## [SOURCE MATERIAL]
"""

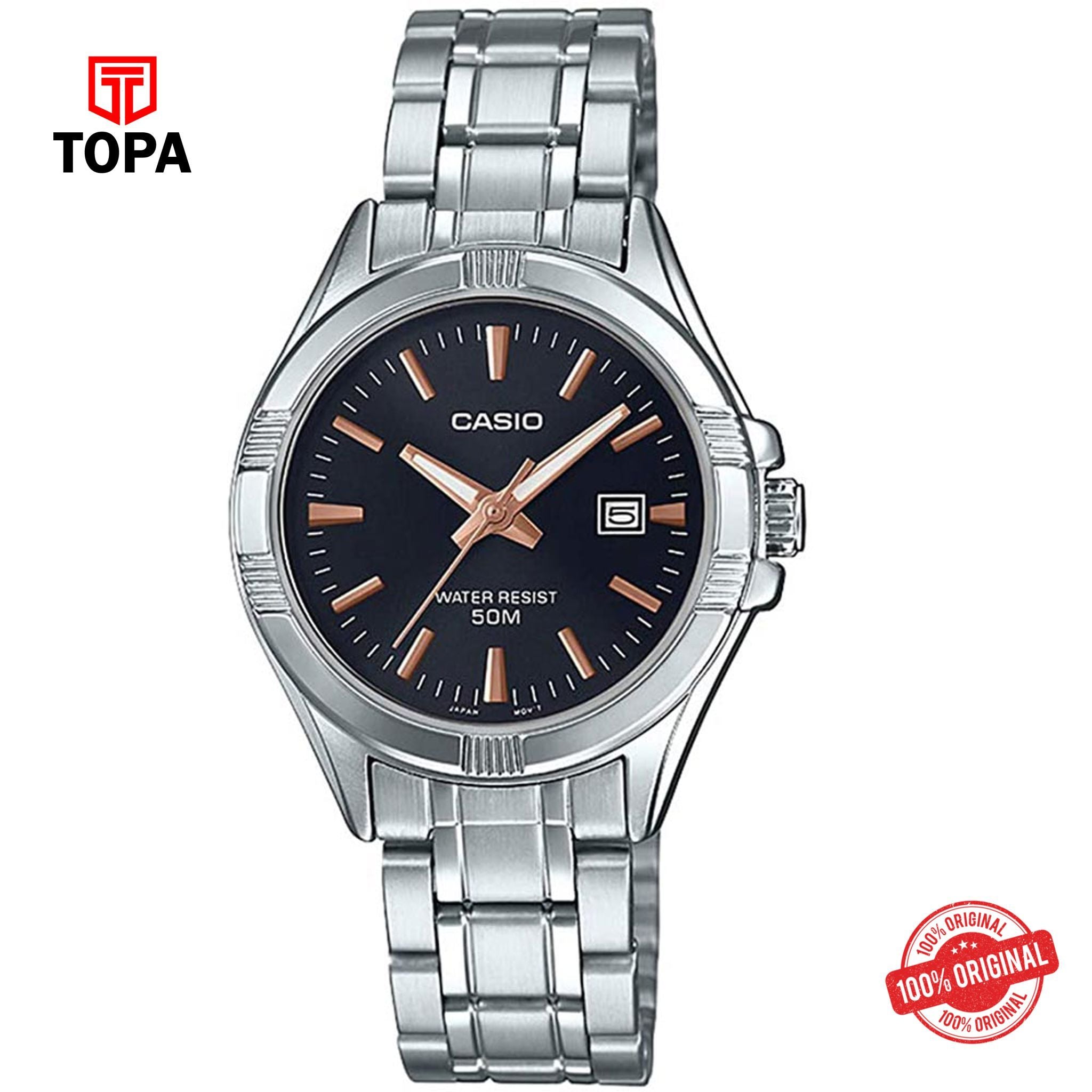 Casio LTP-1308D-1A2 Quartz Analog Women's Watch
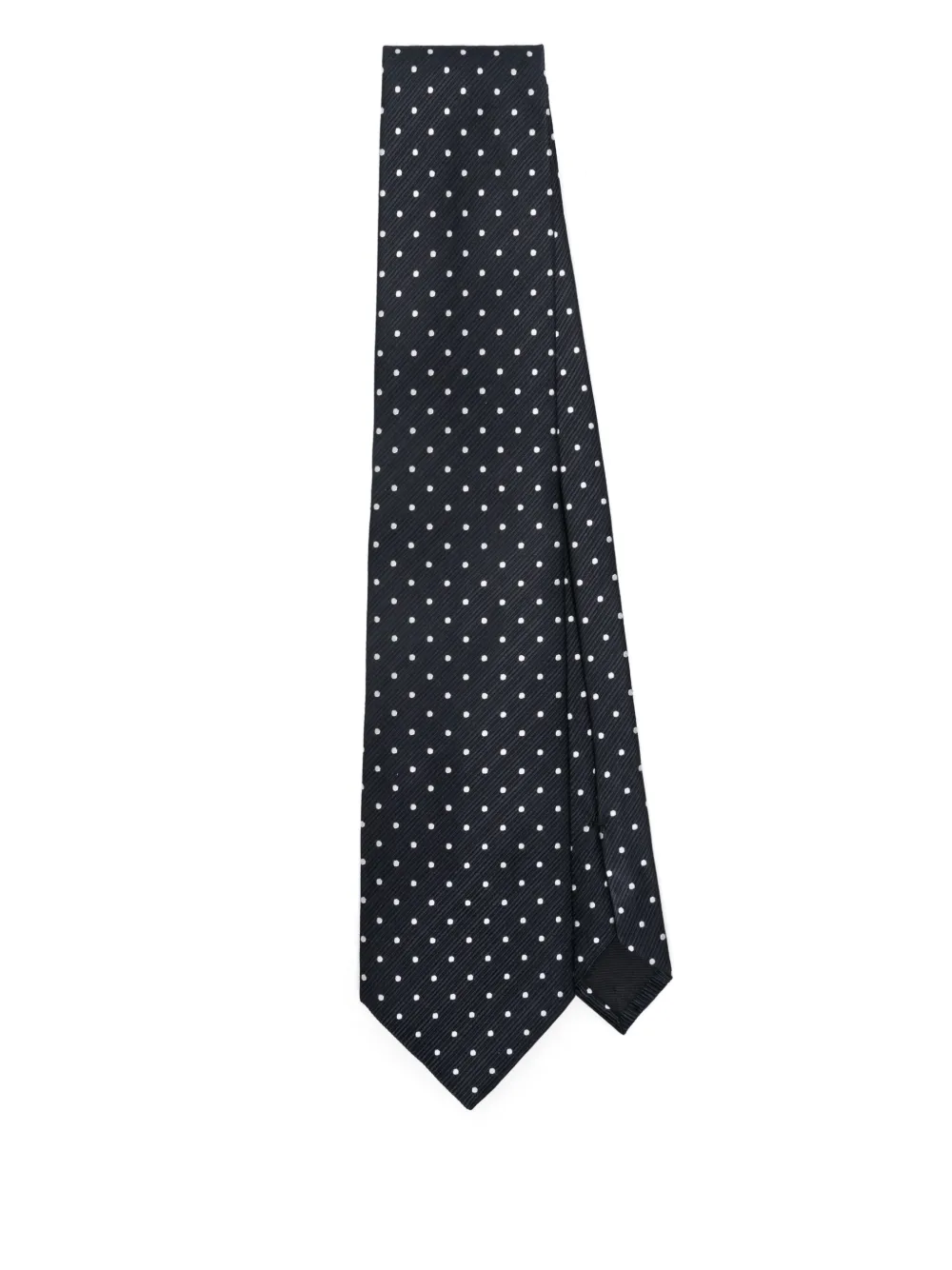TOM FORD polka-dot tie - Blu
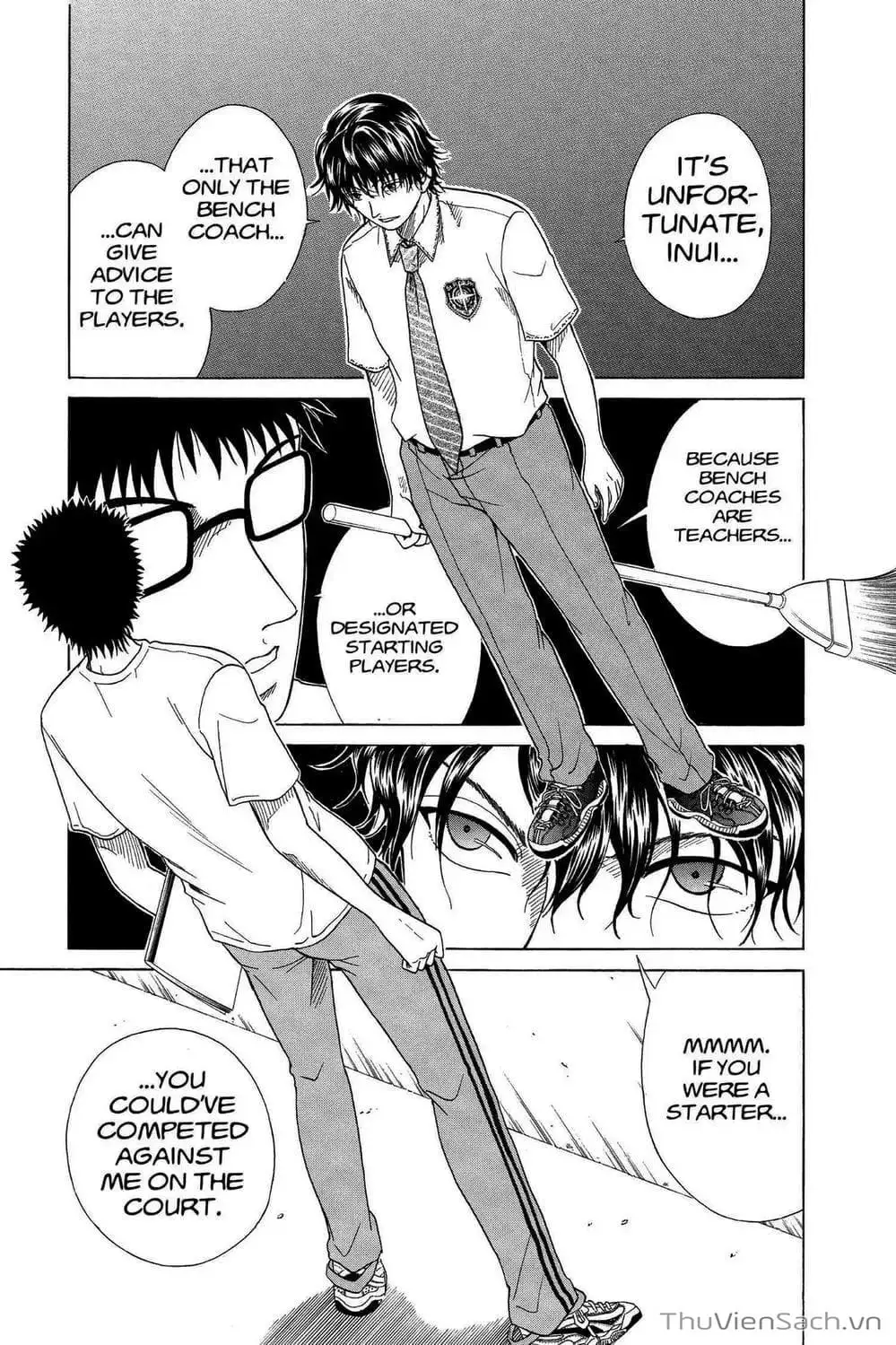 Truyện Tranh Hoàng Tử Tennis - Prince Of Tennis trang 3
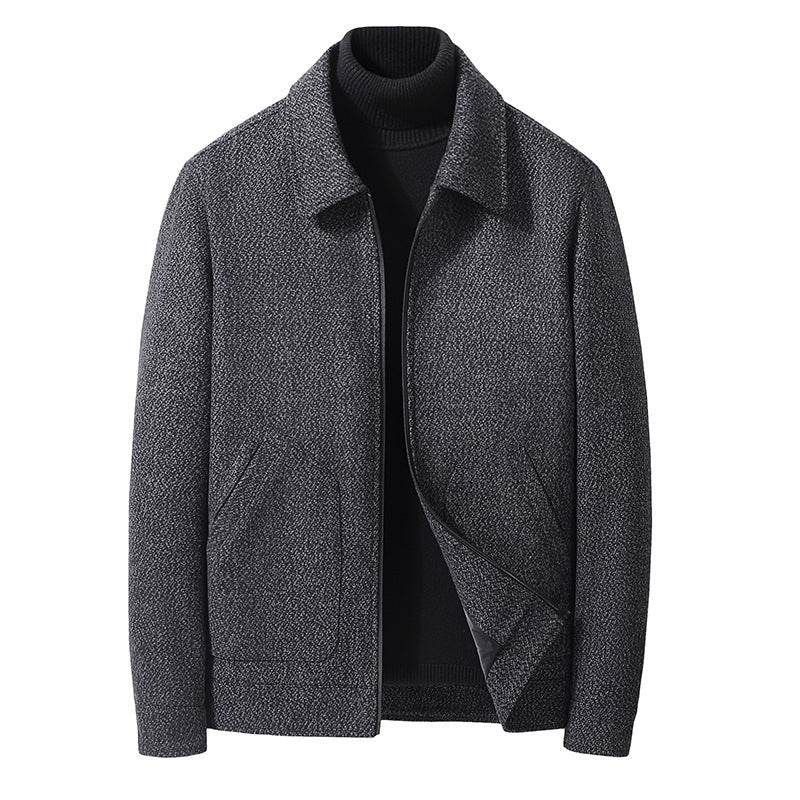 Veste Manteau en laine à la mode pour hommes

"""

## [WHAT TO DO]
Copy nothing but the lines from the one containing "TOM FORD polka-dot tie - Blu" through the last line of the listing above, transcribed exactly and with no pictures.

## [WORKED SOLUTION]
TOM FORD polka-dot tie - Blu
 Truyện Tranh Hoàng Tử Tennis - Prince Of Tennis trang 3
 Veste Manteau en laine à la mode pour hommes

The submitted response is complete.